This spring, Anna Pajak received her master’s degree from the Royal Institute of Art in Stockholm. Now, her giant oil paintings are shown at Stene projects and at the postponed degree exhibition at the Royal Academy of Arts, both in Stockholm. And at ed. art, we’re happy to present four new prints. We asked some questions to the recent graduate.

At both of your current exhibitions, you are showing huge paintings. What's with this gigantic format?

I have almost always painted large. I think it's about the feeling that you can completely be absorbed by the paintings, when they get bigger than the viewer. You meet them with your whole body; they become portals.

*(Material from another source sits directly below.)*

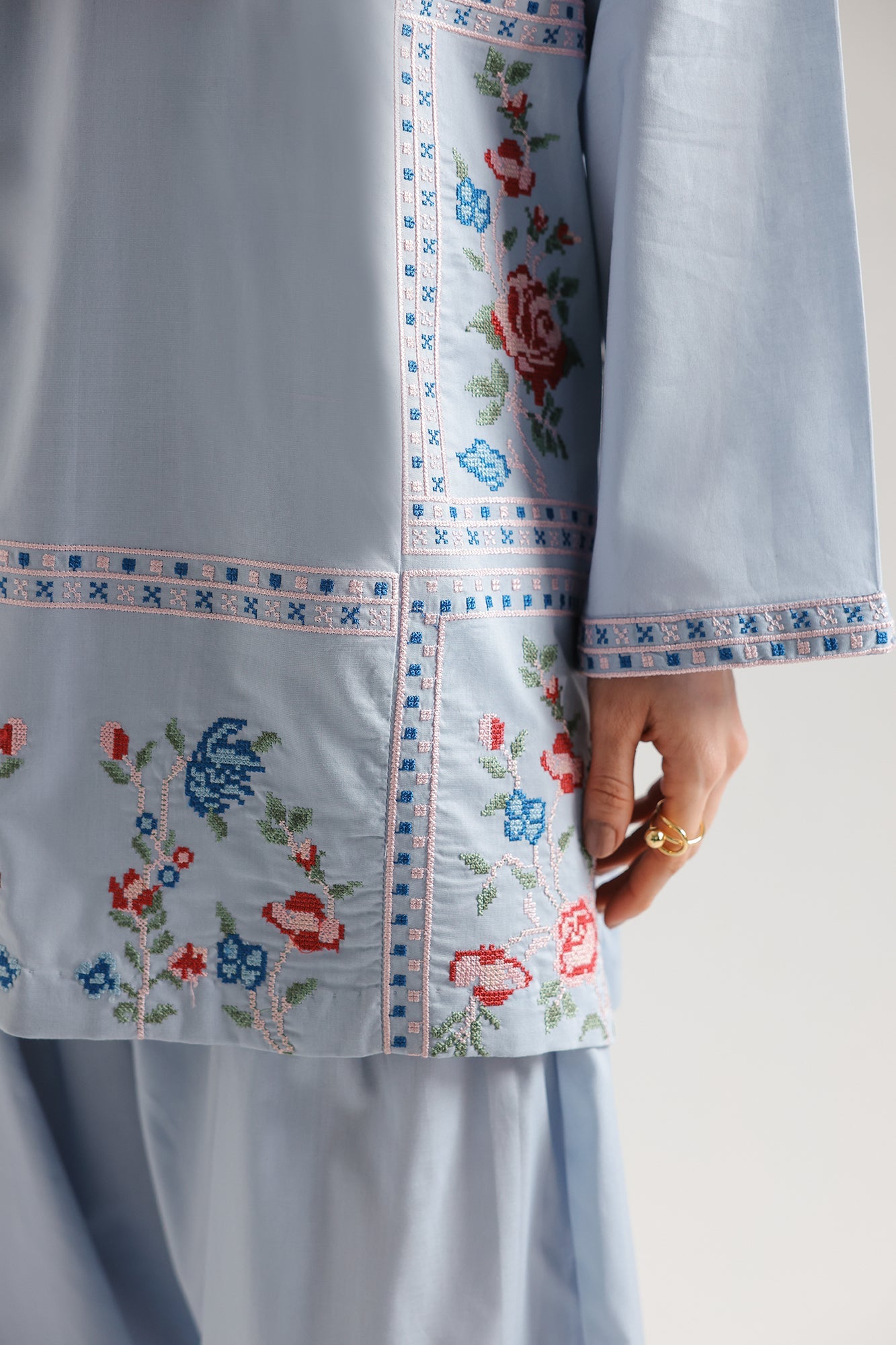 EMBROIDERED SUIT (E7755/102/615)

Anna Pajak in front of one of her gigantic paintings

But the prints are small!

Yes. Working with prints is new to me, but something I think is great fun. It has been incredibly rewarding for my painting practice, a way of inverting the thinking, in some strange way. I can apply ideas from the paintings to the prints and then bring something new back to the paintings again, a rewarding interaction. But at school we haven’t had a workshop since the fire in 2016, so I produced the plates for these prints on a course that took place in Helsinki and then they are printed in Germany.

A pelvic bone is a recurring motif in the prints. It is also included in the paintings. What does it mean to you?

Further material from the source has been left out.